Италия конца девятнадцатого века была едва ли не единственной европейской страной, в которой не существовало антисемитизма, и, несмотря на обет, который юноша дал себе в Берне (посвятить себя после окончания учёбы сионистской деятельности), Жаботинский не только не вспоминал о нём, но даже и не интересовался ежегодными сионистскими конгрессами, собиравшимися в Базеле.
Он влюбился в Италию. Предместья Рима знакомы ему были так же, как Фонтаны Одессы. Почти в каждом из римских предместий ему довелось квартировать — где месяц, где два. «Через неделю, — вспоминал Жаботинский, «скромно» не упоминая девушек, его навещавших, — хозяйки начинали бунтовать, протестуя против непрерывной сутолоки в моей комнате, визитов, песен, звона бокалов, криков спора и перебранок и, наконец, всегда предлагали мне подыскать себе другое место».

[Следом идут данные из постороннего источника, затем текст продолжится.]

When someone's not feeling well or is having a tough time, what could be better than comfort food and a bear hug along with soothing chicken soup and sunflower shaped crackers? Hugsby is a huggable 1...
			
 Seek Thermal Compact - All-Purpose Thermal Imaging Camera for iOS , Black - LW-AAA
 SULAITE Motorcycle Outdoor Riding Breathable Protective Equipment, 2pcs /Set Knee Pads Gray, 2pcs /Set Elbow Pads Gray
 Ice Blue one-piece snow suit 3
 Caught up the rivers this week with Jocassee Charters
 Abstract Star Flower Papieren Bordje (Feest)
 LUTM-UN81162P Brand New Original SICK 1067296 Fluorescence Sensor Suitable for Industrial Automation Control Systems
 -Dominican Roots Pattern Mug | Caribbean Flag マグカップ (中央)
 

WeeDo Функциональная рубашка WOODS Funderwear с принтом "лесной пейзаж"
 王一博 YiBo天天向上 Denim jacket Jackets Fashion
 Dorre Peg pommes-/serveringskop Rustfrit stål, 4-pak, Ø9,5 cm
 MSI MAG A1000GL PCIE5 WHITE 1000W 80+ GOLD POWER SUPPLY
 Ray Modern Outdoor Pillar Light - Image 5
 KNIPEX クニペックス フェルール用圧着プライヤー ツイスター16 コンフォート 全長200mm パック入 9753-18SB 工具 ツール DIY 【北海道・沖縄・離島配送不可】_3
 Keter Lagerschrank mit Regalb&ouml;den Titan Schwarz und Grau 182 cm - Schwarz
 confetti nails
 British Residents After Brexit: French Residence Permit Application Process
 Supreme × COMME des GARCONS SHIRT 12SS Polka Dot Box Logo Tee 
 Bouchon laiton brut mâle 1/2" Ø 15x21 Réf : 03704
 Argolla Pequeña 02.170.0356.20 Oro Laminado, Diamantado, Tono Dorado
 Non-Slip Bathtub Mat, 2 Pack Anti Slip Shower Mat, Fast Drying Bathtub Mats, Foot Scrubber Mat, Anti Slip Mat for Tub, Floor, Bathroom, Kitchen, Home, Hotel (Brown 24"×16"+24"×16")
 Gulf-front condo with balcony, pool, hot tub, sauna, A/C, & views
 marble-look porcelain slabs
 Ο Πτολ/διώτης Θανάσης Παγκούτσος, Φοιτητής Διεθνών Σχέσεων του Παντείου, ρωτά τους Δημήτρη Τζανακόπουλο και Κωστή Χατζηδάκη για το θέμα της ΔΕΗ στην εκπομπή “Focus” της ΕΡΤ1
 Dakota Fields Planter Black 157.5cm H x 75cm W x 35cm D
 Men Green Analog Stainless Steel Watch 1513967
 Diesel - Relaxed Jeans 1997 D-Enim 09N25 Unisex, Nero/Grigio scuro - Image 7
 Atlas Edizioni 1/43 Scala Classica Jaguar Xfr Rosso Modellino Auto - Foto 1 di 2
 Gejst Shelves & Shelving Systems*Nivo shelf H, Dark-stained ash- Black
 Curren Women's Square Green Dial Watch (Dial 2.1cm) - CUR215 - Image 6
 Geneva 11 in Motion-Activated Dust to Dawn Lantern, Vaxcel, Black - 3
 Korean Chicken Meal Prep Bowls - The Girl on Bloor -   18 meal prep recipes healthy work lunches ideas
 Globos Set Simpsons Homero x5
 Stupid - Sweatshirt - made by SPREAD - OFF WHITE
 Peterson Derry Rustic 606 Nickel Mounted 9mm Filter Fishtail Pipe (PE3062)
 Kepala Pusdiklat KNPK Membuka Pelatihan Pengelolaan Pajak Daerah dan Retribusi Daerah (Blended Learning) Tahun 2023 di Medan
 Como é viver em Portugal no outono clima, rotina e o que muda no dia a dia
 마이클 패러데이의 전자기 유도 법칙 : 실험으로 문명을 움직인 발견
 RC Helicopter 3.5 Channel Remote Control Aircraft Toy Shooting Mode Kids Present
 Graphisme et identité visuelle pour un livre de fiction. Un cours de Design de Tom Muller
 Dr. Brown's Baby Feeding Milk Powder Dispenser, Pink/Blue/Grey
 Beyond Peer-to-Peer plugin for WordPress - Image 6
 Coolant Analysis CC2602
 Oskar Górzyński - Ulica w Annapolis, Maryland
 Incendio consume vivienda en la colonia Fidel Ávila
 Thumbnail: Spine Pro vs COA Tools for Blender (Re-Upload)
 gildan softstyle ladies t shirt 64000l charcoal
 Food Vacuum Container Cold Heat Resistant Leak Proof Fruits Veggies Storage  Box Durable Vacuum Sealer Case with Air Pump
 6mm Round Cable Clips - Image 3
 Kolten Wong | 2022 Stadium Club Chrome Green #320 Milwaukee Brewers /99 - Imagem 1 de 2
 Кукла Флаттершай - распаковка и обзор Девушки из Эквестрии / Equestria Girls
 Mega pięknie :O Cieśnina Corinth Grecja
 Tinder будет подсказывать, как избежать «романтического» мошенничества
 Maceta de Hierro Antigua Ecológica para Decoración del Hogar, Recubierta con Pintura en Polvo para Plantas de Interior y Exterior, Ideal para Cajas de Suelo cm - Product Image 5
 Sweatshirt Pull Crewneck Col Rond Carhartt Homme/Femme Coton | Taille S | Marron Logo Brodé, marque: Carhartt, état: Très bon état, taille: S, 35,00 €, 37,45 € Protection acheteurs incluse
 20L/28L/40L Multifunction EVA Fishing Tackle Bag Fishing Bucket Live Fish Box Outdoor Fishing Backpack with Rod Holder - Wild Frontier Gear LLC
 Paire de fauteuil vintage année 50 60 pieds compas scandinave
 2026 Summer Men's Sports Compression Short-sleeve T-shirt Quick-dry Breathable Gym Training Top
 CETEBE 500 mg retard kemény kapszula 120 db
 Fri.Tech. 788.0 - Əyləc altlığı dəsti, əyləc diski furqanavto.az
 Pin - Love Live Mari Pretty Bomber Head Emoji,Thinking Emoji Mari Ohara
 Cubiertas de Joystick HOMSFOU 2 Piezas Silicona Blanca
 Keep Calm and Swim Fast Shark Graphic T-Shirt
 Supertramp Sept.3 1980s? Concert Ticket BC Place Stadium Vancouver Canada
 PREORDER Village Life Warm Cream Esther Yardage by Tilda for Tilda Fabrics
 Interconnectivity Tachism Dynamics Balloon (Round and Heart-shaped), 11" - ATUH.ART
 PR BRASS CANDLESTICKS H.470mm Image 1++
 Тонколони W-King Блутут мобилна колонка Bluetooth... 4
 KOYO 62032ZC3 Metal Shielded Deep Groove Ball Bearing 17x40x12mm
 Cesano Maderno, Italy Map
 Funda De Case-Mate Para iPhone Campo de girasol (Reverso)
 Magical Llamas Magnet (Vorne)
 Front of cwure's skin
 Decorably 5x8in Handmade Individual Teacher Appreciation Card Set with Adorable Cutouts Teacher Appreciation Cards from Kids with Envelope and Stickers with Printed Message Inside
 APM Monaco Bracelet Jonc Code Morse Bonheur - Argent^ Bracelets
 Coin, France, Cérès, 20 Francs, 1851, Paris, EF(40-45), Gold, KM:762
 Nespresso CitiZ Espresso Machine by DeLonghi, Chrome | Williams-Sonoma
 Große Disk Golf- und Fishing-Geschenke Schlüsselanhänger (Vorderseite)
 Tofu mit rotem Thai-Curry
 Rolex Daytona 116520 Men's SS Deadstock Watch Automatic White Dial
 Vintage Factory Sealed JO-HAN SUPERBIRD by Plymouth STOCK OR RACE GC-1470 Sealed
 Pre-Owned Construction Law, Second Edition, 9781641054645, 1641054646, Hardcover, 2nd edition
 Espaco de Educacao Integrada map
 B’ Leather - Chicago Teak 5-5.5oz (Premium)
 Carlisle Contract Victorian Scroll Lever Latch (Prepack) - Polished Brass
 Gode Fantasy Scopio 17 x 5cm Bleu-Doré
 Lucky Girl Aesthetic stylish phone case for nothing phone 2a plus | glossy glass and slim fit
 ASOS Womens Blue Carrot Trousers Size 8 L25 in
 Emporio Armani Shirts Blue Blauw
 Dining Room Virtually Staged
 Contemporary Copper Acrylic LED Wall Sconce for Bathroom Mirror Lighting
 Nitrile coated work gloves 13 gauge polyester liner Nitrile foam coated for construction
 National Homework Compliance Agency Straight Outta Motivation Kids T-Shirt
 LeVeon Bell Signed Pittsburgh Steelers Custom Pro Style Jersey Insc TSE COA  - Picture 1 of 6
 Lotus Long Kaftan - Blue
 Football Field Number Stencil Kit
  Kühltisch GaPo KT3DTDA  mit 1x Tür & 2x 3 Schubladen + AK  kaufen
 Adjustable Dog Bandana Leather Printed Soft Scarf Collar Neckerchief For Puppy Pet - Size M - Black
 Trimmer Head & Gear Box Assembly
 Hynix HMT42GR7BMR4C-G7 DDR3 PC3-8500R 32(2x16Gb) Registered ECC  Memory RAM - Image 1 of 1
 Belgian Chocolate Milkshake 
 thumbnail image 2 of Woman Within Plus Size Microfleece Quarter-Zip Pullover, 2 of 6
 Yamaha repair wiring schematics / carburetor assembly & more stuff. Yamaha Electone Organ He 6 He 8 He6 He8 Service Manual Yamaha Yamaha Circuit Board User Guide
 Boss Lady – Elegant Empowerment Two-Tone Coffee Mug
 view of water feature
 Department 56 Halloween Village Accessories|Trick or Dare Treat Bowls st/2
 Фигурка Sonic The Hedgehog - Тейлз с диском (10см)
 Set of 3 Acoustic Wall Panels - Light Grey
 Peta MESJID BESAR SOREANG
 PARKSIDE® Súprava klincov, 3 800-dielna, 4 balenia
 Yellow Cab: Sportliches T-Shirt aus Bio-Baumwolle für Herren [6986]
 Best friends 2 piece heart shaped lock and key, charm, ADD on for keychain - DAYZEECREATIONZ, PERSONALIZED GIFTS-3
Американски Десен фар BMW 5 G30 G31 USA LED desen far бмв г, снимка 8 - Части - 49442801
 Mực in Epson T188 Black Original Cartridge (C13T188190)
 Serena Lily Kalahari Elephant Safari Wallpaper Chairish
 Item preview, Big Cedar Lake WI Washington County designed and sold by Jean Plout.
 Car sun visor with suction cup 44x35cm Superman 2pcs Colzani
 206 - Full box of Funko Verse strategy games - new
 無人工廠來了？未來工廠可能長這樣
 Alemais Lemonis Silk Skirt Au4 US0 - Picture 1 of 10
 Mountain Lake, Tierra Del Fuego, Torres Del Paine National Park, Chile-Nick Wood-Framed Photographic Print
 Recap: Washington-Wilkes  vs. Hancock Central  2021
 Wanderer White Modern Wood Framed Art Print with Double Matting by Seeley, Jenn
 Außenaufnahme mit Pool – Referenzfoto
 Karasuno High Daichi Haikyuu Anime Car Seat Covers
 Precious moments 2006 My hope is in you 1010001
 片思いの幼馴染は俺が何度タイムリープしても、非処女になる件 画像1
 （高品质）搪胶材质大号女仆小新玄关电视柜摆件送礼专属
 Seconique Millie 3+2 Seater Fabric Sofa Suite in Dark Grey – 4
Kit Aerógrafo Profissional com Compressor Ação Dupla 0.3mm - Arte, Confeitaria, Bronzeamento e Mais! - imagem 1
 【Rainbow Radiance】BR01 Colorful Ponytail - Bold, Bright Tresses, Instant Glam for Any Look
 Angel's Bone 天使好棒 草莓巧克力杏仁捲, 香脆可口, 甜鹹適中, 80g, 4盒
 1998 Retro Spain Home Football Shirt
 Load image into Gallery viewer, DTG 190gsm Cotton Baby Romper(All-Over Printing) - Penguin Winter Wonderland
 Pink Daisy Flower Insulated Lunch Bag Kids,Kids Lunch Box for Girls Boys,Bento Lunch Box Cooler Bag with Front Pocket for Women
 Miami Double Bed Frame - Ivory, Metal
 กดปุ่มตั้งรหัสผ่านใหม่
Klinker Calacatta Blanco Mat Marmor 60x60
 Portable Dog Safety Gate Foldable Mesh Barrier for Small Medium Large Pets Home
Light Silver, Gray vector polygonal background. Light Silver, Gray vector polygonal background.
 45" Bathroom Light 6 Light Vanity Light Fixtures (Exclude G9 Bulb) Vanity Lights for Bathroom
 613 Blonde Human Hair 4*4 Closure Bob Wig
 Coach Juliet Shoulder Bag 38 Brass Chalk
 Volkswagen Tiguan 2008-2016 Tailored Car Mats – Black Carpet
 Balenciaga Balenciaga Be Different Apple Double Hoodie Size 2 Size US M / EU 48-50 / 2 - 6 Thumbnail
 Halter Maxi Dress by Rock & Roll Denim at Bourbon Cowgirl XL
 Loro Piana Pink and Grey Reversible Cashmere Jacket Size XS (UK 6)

Немногие из нынешнего поколения читали «Исповедь» Жан Жака Руссо, не побоявшегося публичного раскаивания, — обычно мемуаристы выстраивают себе прижизненный памятник из каррарского мрамора, забывая о грехах молодости, привирая и приукрашивая свою жизнь. Жаботинский был честен всегда. Даже в мелочах. Со стыдом повинился он в преступлении, непристойном для будущего лидера сионистов. Как-то в молодёжной компании, обсуждавшей обычаи католической церкви, на вопрос одной из девушек: «А вы, господин, православный?» — он, сам не ведая почему, ответил утвердительно. Впоследствии, анализируя свой поступок, он нашёл объяснение (хотя никогда не любил оправдываться), что в римский период он вёл жизнь «молодого, здорового и легкомысленного существа», не ощущая себя частью еврейского гетто. «Возможно, я опасался, — размышлял Жаботинский, — что потеряю в их мнении, если признаюсь перед этими свободными людьми в том, что я раб». Он не забывал о черте оседлости и ограничениях в правах, которым подвергались евреи в Российской империи (об этом ему напоминала каждая каникулярная поездка домой), но в компании свободных людей хотел казаться таким же, как и они.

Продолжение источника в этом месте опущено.